Material for the task section start
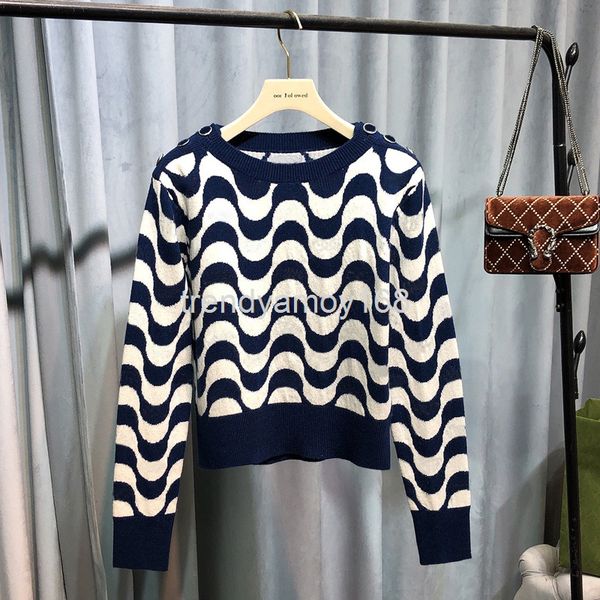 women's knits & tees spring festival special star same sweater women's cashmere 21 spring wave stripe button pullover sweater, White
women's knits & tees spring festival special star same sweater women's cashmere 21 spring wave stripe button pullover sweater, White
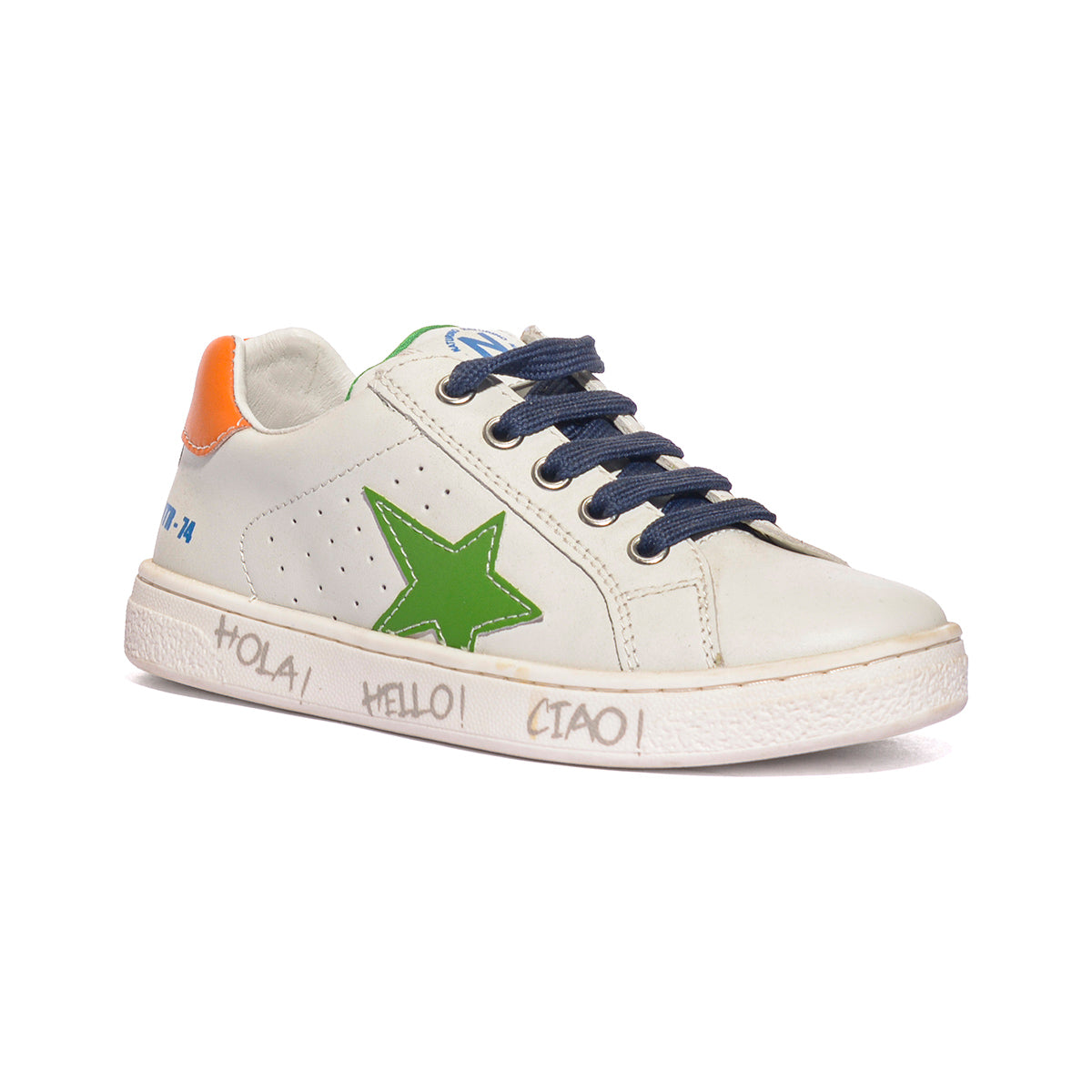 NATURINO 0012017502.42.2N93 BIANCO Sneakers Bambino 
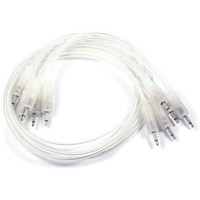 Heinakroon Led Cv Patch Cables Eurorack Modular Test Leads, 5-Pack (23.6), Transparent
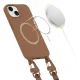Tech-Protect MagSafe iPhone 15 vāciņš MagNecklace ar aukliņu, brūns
Material for the task section end
Where a record holds a picture, skip the picture and copy everything else exactly.

 women's knits & tees spring festival special star same sweater women's cashmere 21 spring wave stripe button pullover sweater, White
women's knits & tees spring festival special star same sweater women's cashmere 21 spring wave stripe button pullover sweater, White
 NATURINO 0012017502.42.2N93 BIANCO Sneakers Bambino 
 Heinakroon Led Cv Patch Cables Eurorack Modular Test Leads, 5-Pack (23.6), Transparent
Tech-Protect MagSafe iPhone 15 vāciņš MagNecklace ar aukliņu, brūns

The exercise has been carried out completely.